The group is staying at Barash camp, on the bank of the river that marks the border between Uzbekistan and Kyrgyzstan. Such close proximity to a border is always a concern for UNHCR, and also there is no water or sanitation at the camp. We have a three person emergency team in the area closely monitoring the situation at the camp and the border. The refugee agency gave out emergency relief items last week, and another distribution by us and non-governmental organisations is due to take place very soon. On Sunday, two UNHCR trucks from Dushanbe in Tajikistan arrived in Osh after crossing one of the highest mountain passes in the world, carrying 160 tents, over 1,000 blankets, 500 kitchen sets and emergency health kits.
We are asking the Kyrgyz authorities for permission to move the asylum-seekers to a site further away from the border.

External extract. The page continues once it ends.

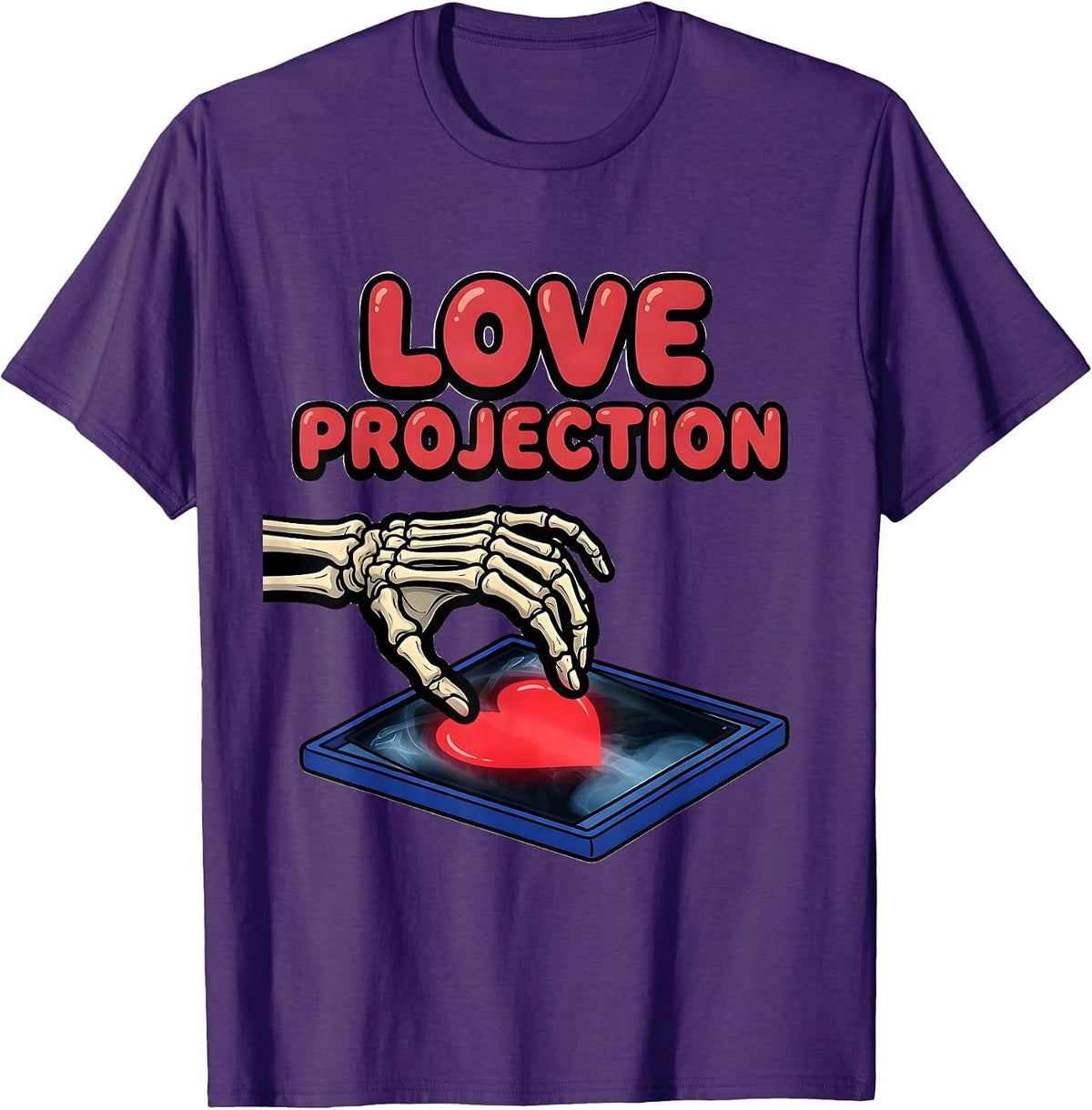 Love Projection Funny Radiology Tech Skeleton Valentine T-Shirt - Purple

Meanwhile, the government has given us assurances that asylum seekers would not be forced back to Uzbekistan against their will. All the asylum-seekers who registered at Barash are still at the camp.
We want to stress again that we very much welcome the prompt action taken by the Kyrgyz government to help the asylum seekers. As we said last week, this is in keeping with Kyrgyzstan's traditional support for international protection and UNHCR's work. The country was one of the first in the region to become a signatory of the 1951 Refugee Convention and must be commended for its commitment to the rights of asylum-seekers.
Finally, UNHCR also reiterates its call for the border between Uzbekistan and Kyrgyzstan to be kept open on both sides.